WHAT THE EXERCISE ASKS - Look through the listing below for the string "trường". Show each line where it occurs.

---

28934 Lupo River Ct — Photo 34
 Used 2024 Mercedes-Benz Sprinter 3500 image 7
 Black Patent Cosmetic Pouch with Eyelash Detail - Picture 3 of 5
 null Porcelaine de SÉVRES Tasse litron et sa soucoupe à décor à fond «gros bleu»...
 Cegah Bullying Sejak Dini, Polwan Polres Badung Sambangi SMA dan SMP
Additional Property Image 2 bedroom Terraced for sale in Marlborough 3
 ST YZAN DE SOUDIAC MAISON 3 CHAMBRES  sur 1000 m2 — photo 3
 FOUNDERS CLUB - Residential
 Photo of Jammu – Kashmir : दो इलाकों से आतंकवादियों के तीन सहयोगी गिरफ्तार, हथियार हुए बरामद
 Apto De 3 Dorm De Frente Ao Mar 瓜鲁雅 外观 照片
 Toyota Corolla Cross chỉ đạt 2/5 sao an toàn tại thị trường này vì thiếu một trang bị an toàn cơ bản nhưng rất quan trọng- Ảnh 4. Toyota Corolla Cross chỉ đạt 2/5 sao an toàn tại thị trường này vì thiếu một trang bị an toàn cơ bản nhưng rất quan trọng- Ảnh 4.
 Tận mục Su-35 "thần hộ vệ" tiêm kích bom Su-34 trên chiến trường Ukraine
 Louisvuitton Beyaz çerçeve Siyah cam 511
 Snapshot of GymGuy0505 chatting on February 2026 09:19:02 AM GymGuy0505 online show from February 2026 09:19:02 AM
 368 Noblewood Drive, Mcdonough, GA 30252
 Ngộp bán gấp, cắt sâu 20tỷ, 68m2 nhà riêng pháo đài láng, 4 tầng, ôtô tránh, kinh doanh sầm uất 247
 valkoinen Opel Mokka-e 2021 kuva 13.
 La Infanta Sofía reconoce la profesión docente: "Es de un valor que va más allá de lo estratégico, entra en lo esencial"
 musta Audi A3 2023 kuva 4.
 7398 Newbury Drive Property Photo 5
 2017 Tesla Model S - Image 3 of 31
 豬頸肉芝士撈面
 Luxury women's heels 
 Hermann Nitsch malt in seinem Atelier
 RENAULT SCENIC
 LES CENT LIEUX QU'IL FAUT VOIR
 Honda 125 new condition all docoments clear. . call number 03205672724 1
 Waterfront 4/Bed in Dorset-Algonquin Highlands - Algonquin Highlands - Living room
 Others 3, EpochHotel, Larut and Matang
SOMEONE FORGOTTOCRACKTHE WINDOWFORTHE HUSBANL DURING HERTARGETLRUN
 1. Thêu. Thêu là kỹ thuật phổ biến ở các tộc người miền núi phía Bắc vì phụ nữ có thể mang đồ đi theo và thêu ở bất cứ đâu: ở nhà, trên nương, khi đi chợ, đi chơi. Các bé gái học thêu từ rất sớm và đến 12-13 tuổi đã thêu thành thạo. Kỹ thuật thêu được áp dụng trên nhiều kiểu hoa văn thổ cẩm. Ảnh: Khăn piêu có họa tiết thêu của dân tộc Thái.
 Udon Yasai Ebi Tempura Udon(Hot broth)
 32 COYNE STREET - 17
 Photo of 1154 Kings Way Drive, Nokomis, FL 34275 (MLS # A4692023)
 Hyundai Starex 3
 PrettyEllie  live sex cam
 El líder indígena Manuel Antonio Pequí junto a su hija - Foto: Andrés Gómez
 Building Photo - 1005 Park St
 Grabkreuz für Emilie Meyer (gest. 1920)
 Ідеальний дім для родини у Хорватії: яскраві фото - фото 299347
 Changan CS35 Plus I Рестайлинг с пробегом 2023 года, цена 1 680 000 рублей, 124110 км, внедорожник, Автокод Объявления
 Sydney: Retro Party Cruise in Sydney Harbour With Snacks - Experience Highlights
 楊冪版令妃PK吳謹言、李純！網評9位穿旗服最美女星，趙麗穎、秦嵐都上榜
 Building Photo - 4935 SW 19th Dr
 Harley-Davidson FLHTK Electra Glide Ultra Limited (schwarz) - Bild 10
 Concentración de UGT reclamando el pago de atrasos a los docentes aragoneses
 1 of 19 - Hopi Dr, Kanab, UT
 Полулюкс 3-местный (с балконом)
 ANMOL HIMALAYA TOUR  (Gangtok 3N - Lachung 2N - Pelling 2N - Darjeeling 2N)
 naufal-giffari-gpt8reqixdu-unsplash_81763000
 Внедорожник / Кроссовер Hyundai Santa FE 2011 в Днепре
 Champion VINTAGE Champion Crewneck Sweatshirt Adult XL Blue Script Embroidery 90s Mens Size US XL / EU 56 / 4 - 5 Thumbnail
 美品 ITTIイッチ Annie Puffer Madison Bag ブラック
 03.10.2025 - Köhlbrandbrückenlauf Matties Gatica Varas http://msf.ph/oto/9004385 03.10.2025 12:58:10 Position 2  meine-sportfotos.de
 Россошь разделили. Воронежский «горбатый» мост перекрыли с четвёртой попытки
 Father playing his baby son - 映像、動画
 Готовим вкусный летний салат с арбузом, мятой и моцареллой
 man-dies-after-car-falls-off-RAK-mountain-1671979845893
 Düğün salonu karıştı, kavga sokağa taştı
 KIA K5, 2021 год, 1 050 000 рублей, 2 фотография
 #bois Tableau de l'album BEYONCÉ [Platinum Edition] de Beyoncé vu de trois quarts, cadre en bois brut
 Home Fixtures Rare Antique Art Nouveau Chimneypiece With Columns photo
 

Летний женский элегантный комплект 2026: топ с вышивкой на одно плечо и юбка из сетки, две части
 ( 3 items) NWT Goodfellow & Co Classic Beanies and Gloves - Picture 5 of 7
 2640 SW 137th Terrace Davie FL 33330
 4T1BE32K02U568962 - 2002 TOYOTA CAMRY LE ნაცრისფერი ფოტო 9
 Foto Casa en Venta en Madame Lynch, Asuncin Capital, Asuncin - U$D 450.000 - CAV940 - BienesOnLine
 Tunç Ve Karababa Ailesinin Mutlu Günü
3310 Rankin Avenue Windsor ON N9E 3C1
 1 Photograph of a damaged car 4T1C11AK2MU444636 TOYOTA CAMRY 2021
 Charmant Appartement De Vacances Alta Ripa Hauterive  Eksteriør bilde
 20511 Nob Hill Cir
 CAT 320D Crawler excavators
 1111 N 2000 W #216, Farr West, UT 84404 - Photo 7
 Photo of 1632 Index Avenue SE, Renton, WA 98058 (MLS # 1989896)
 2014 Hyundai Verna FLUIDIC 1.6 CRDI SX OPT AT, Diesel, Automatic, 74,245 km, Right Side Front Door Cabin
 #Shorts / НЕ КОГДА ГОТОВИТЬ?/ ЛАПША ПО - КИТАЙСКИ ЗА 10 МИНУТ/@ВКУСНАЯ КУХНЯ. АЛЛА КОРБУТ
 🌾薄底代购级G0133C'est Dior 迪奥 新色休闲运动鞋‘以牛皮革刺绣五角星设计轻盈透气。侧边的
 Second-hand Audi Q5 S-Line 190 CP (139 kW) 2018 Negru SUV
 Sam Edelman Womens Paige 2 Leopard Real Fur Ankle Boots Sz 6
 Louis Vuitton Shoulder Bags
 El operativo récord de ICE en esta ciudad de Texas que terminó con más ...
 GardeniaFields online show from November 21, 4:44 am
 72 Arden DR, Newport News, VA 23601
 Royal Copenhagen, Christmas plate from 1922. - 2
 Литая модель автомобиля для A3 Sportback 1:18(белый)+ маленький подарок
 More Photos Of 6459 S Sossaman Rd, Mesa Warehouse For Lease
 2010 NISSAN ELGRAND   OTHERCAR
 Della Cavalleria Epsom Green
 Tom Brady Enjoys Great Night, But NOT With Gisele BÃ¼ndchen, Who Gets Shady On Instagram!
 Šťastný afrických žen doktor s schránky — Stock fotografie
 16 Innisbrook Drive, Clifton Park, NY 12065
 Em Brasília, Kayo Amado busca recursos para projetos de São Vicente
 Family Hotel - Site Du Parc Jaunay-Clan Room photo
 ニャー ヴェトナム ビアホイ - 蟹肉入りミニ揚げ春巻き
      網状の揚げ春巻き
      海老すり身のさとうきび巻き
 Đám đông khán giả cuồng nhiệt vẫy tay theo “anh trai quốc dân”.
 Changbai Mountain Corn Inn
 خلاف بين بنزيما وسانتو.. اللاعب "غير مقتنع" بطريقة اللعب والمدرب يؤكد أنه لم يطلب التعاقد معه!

---

RESULT BELOW -
 Toyota Corolla Cross chỉ đạt 2/5 sao an toàn tại thị trường này vì thiếu một trang bị an toàn cơ bản nhưng rất quan trọng- Ảnh 4. Toyota Corolla Cross chỉ đạt 2/5 sao an toàn tại thị trường này vì thiếu một trang bị an toàn cơ bản nhưng rất quan trọng- Ảnh 4.
 Tận mục Su-35 "thần hộ vệ" tiêm kích bom Su-34 trên chiến trường Ukraine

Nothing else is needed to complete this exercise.